Der erste Serienmörder, der zum internationalen Medienstar wurde, war Jack the Ripper. Zeitungen in aller Welt berichteten im Herbst 1888 über die Mordserie im Londoner East End. Wer dieser Mann war, der fünf oder vielleicht sogar noch mehr Frauen mit einem Messer getötet und grausam zugerichtet hatte, ist bis heute nicht zweifelsfrei geklärt. Es gibt zahllose Theorien und Verdächtige, aber keinen überführten Täter. Ein schönes Hobby für Kriminologen aller Art, und auch die Fantasie von Autoren beflügelt dieser spektakuläre Fall immer wieder.

In der dreiteiligen Mini-Serie „Whitechapel“, die im Februar beim britischen Privatsender ITV ausgestrahlt wurde, taucht ein Nachahmungstäter des „Schlitzers“ auf. Regisseur S. J. Clarkson („Life on Mars“, „Heroes“) sowie die Autoren Ben Court und Caroline Ip bedienen sich des Ripper-Mythos und erzählen gleichzeitig eine neue Geschichte. Eine clevere Idee, die immerhin so weit erfolgreich war, dass ITV mittlerweile „Whitechapel II“ produziert, in dem es dasselbe Ermittlerteam erneut mit der Kopie eines berühmten Mordfalls zu tun bekommt. Arte zeigt heute die synchronisierte Fassung der ersten Staffel unter dem etwas umständlichen Titel „Jack the Ripper ist nicht zu fassen“, und zwar alle drei Teile am Stück: Ein niemals langweiliger, 140-minütiger Krimi-Ausflug ins London des 21. Jahrhunderts, wo Fremdenführer Touristen zu den schaurigen Orten der Ripper-Morde führen.

In der modernen Glitzerwelt der London City ist dagegen gerade Detective Inspector Chandler (Rupert Penry-Jones) angekommen, ein junger, redegewandter und mit besten Manieren ausgestatteter Absolvent der Polizeiakademie. Doch bevor DI Chandler vom Polizeipräsidenten die Karriereleiter weiter hochgeschubst wird, muss er sich bewähren – als Leiter der Ermittlungen bei einem Mordfall in Whitechapel. Das ihm unterstellte Team sei „ein wilder Haufen“, sagt der Präsident warnend. Die Polizisten trinken und fluchen, sind schlampig gekleidet und bewerfen sich im Büro mit Papierkugeln. Ihr Wortführer ist Detective Sergeant Miles (Philip Davis), der den unerfahrenen Chandler von Beginn an barsch auflaufen lässt. Immerhin kann es der neue Chef durchsetzen, dass sein Team wieder Krawatten trägt. Dazu bedarf es eines emotionalen Ausbruchs, der in dem Ausruf „Disziplin, Respekt, Deodorant!“ gipfelt. Vom Wahrheitsgehalt der Entgegnung von Sergeant Miles („So riechen richtige Polizisten!“) kann sich der Zuschauer glücklicherweise nicht überzeugen.

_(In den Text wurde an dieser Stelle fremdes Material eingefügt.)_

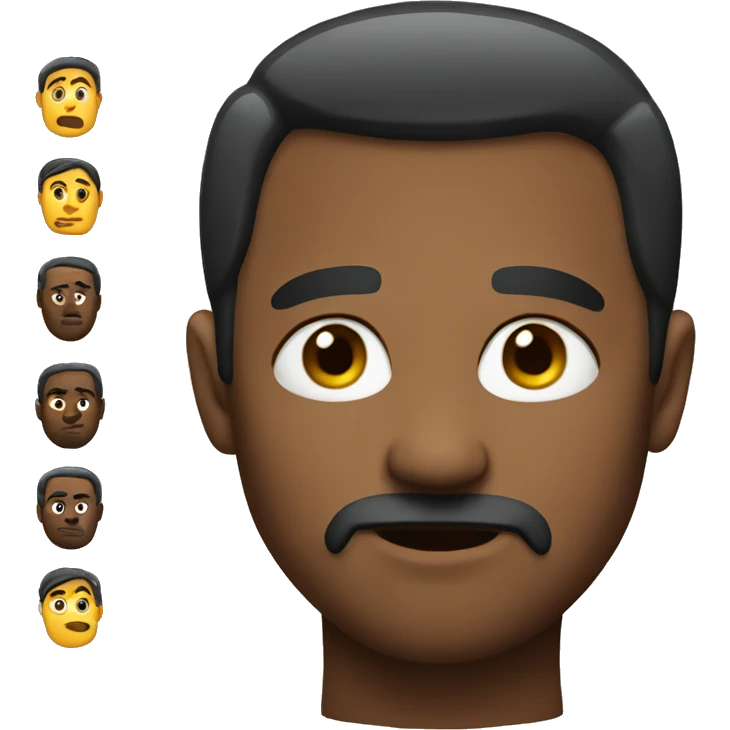 side eye emoji emoji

Die Spannungen unter den Polizisten nehmen schon deshalb nicht ab, weil es im Fall einer ermordeten Prostituierten nicht recht vorangeht. Als eine zweite Frau getötet wird, macht sie „Ripperologe“ Edward Buchan (Steve Pemberton) auf die Parallelen zu den Mordfällen im Jahr 1888 aufmerksam. Der Täter schlägt am gleichen Kalendertag und sogar an denselben Orten wie einst Jack the Ripper zu. Miles hält von „Ripperologen“ im Allgemeinen und der Theorie von einem späten Trittbrettfahrer im Besonderen gar nichts, doch der unsichere Chandler, der vergeblich im Handbuch der Mordermittlung nach der Lösung blättert, beginnt, Buchan ernst zu nehmen.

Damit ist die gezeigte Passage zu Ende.